Besides limiting when a political sign can be posted, the ordinance also requires homeowners to pay a bond and register with the Township before putting any campaign signs on their lawn. If property owners place signs more than thirty days before an election and/or do not register with the Township and pay the bond, they are subject to fines of up to $500.00 per day as well as court costs and attorneys fees.

The First Amendment lawsuit, filed in U. S. District Court in Pittsburgh earlier today, is brought on behalf of Dr. Joseph P. Rudolph, a South Park homeowner who wants to place campaign signs on his lawn in advance of Pennsylvania's April 2008 Presidential primary and the November 2008 general election.

"It's my house and my property and I simply don't understand how South Park can tell me that I can't put up a Presidential campaign sign in my own yard right now," said Dr. Rudolph. Under South Park's ordinance, campaign signs are prohibited until March 23, thirty days before the April 22 election.

Dr. Rudolph was first threatened by the Township with fines, court costs and attorneys fees in March 2007 when he put up a lawn sign in support of his son's candidacy for district magistrate. At that time, the ACLU-PA advised South Park that the ordinance was unconstitutional and provided township officials with relevant Supreme Court decisions to support that assertion. Although South Park agreed at the time to suspend enforcement of the law, in October 2007 the Township advised Dr.

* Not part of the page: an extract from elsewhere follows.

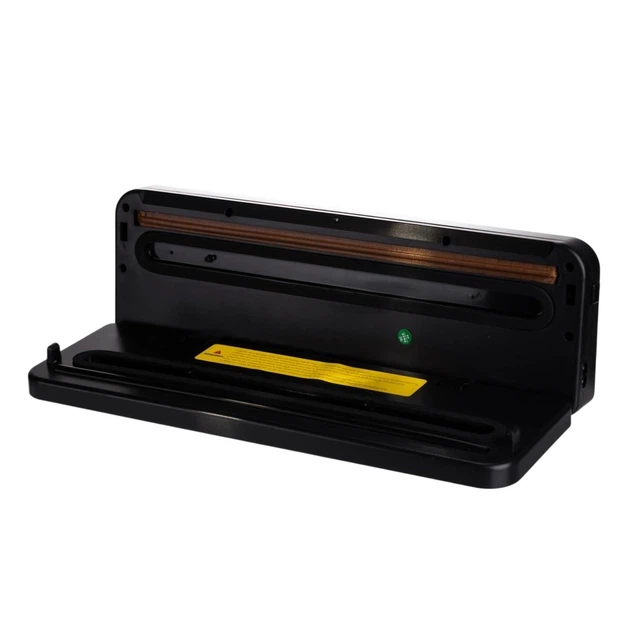 Вакууматор Yiwu HP-11-29B Black для сухих та вологих продуктів 120 Вт з перехідником та набором пакетів 10 шт (107-163-HP-11-29B) - зображення 7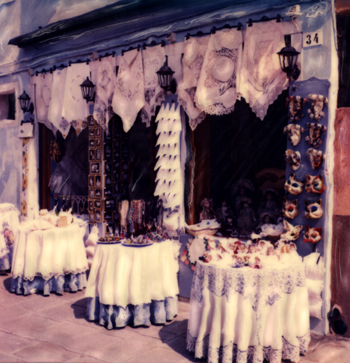 Laceshop Burano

Rudolph that it would continue to enforce the ban.

The Supreme Court has declared similar laws to be an unconstitutional restraint on free speech and a violation of the First Amendment. In the last 10 years, the ACLU-PA has successfully sued six communities in the Commonwealth for similar First Amendment violations: Upper St. Clair (Allegheny County-1999), Allegheny Township (Westmoreland County-2001), Harborcreek Township (Erie County-2002), the City of Philadelphia (2004), East Stroudsburg (Monroe County-2004), and Baldwin Borough (Allegheny County-2005). Dozens of other communities have amended their laws in response to ACLU threats of suit.

Despite these legal successes, Walczak noted that many communities across Pennsylvania still have similar restrictive lawn-sign laws, and especially this year that could lead to more lawsuits.

"With the record turnouts we've seen in the others states' Presidential primaries and caucuses, we expect that more people than ever will want to participate by sharing their political views through lawn signs. The ACLU stands ready to assist homeowners across the state if their right to put up campaign signs is restricted by a local ordinance similar to the one in South Park."

On February 19, 2008, the court granted the ACLU’s requested temporary restraining order, freeing South Park residents to display campaign signs on their lawns. The court scheduled a hearing for February 27 to consider extending the order.

Today's case is Rudolph v. Township of South Park.